I have the ecstuning brand dog bone insert and its pretty good. Better than stock and worth 25$


----------



## twotech (Dec 11, 2011)

While, I'm doing all this I'll probably going to need some tools aswell. I have basic set of tools but I know I've had trouble with VW's before when doing some work on my brother's car. Any recommendations on a complete set so that I don't have to worry about tight spaces etc.


----------



## dhenry (Feb 10, 2009)

i suggest you should invest in a set of some triple squares. they come in handy when working on vag vehicles in general.


----------



## Zaytri (Mar 3, 2009)

twotech said:


> While, I'm doing all this I'll probably going to need some tools aswell. I have basic set of tools but I know I've had trouble with VW's before when doing some work on my brother's car. Any recommendations on a complete set so that I don't have to worry about tight spaces etc.
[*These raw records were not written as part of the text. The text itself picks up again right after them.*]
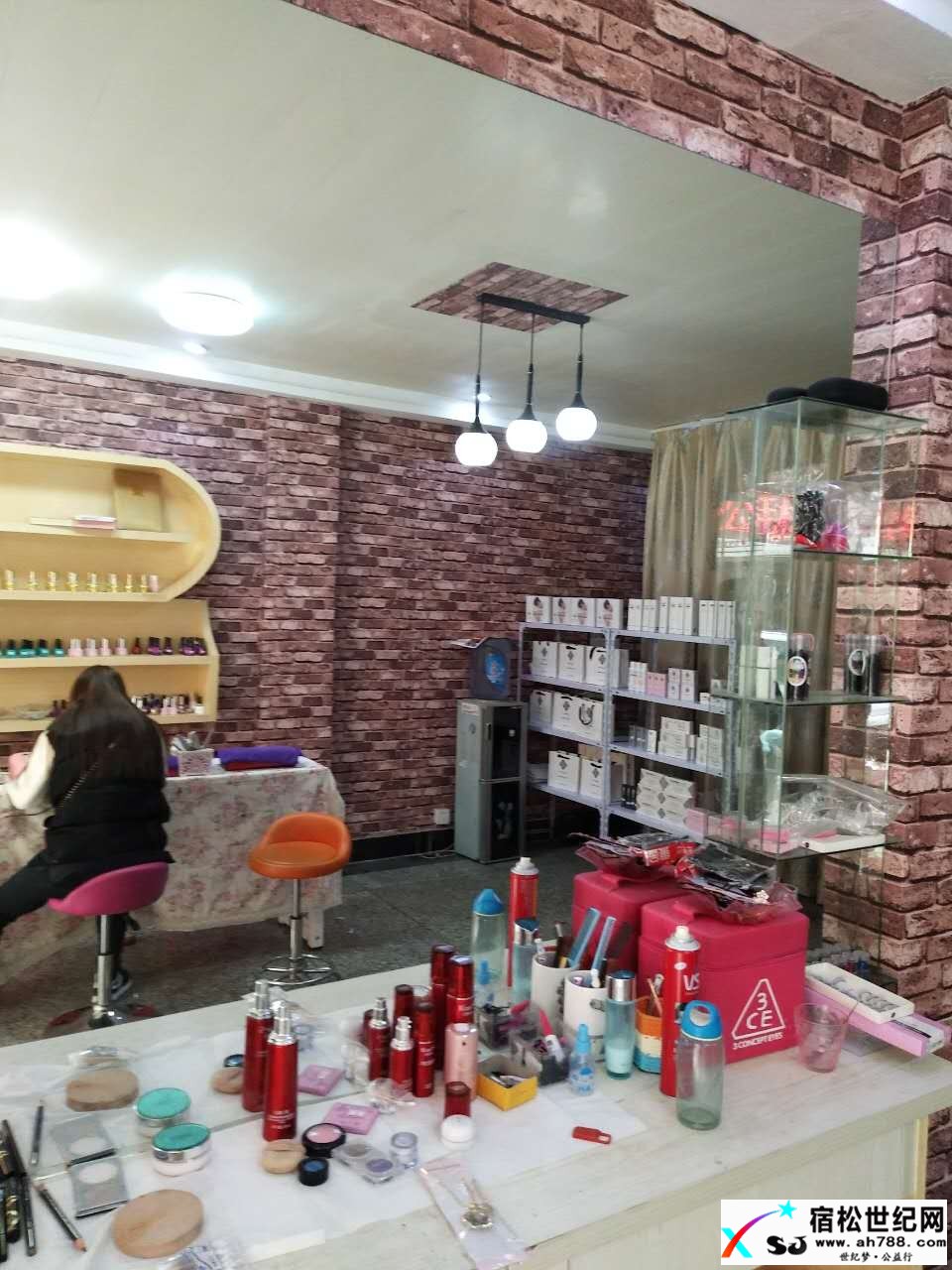 龙鑫商城美甲店，亏本转让宿松世纪网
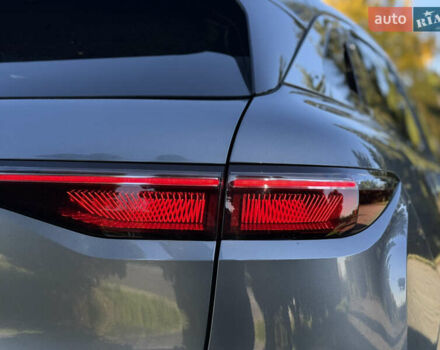 Серый Рено Megane E-Tech, объемом двигателя 0 л и пробегом 100 тыс. км за 22300 $, фото 40 на Automoto.ua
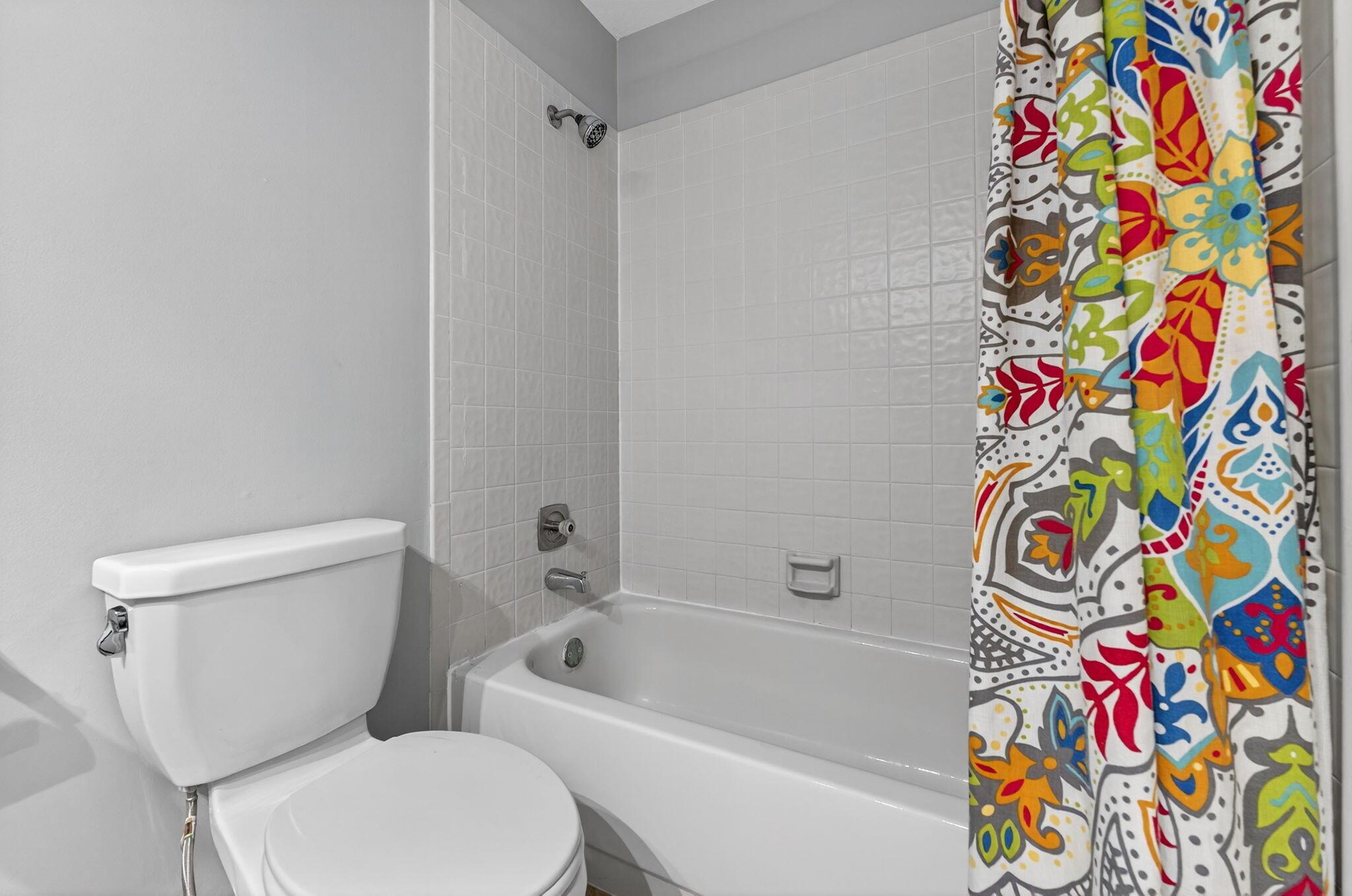 TOWNHOMES OF LIGHTHOUSE P - Residential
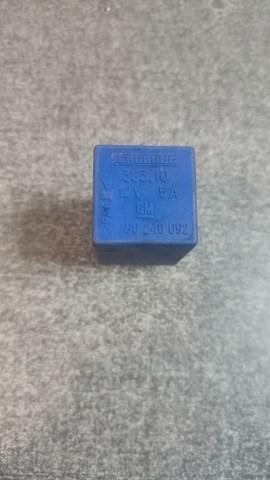 Реле управління склоочисника 90240092 GM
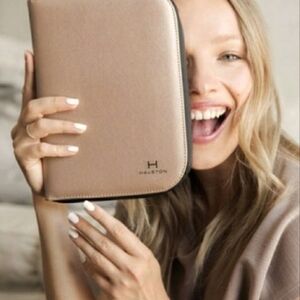 NWOT HALSTON Vegan Leather Zip Around Jewelry Portfolio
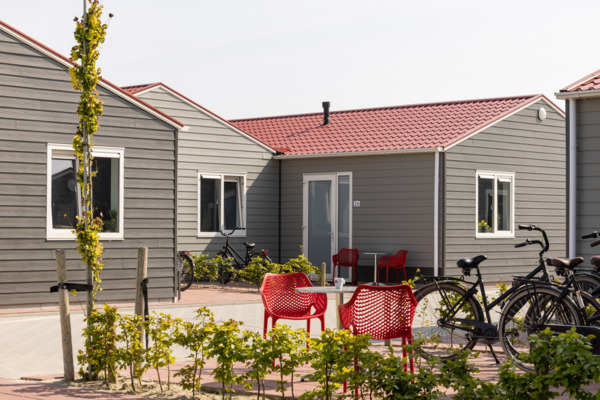 Woningen voor seizoensarbeid in Luttelgeest, Nederland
 This is the triple square set i have - They're found all over the place on the car and these make your life simple. 
Link 

Breaker bar is good to have if you don't already have one.. My torque wrench has already paid for itself, and a nice set of tools of your choice.. im a craftsman guy personally. :snowcool:


----------



## tay272 (Aug 22, 2007)

Alright, to answer most of your questions here we go. 
1. HEP mani is more expensive and would require modifying a short ram intake to fit or making a custom CAI. You cant just put a filter on the end like Fred did because he has a newer engine which is MAFless. You have an 06 like me so your MAF needs to stay. 
2. Powerwise without an exhaust should be around 210-215 hp at the crank, roughly 185-190 at the wheels. Just a rough estimate, dont quote me on that. If you wanna see a dyno of my engine with just the mani installed on stock software and the after with the UM software to see the difference, check my link to my photobucket. I have a pic of the dynograph there. 
3. 034 dogbone core is a cheaper option but also will make the dogbone much more solid and transfer a decent amount of vibration into the cabin. HPA is deffinately better made but is only one half of the core, you get both halves with the 034 and both are solid rubber inside. That ones up to you. 
4. For exhaust, seems like youre not looking for anything too loud but want alittle more performance. Id say get the USP testpipe and just remove one of your suitcase mufflers. It will give you some power and not be too loud to bother anyone. Should give it a nice subtle growl still. 
5. As for tools, deffinately get some triple squares like others suggested. Most importantly tho, if you ever think your gonna be doin your rear brakes yourself, go here http://www.metalnerd.com/cat05.htm and buy the 14mm triplesquare. Youll need it. I also got myself a Schwaben caliper retractor set to push in the piston while doing the brakes. Works on many other VWs too.


----------



## [email protected] (Jul 27, 2010)

We have TONS of SRI's on the shelf waiting for new owners  

Glad to see you are going with our manifold and tune! If you have any questions whatsoever or want more information about any of our products, don't hesitate to give me a shout at 502-379-7082 or email me at the address in my signature. 

:thumbup: :beer:


----------



## [email protected] (Sep 2, 2011)

Some Info for you: 

On software only with the stock intake manifold we can see the high torque in the midrange 
created by the longer runners of the oem part. 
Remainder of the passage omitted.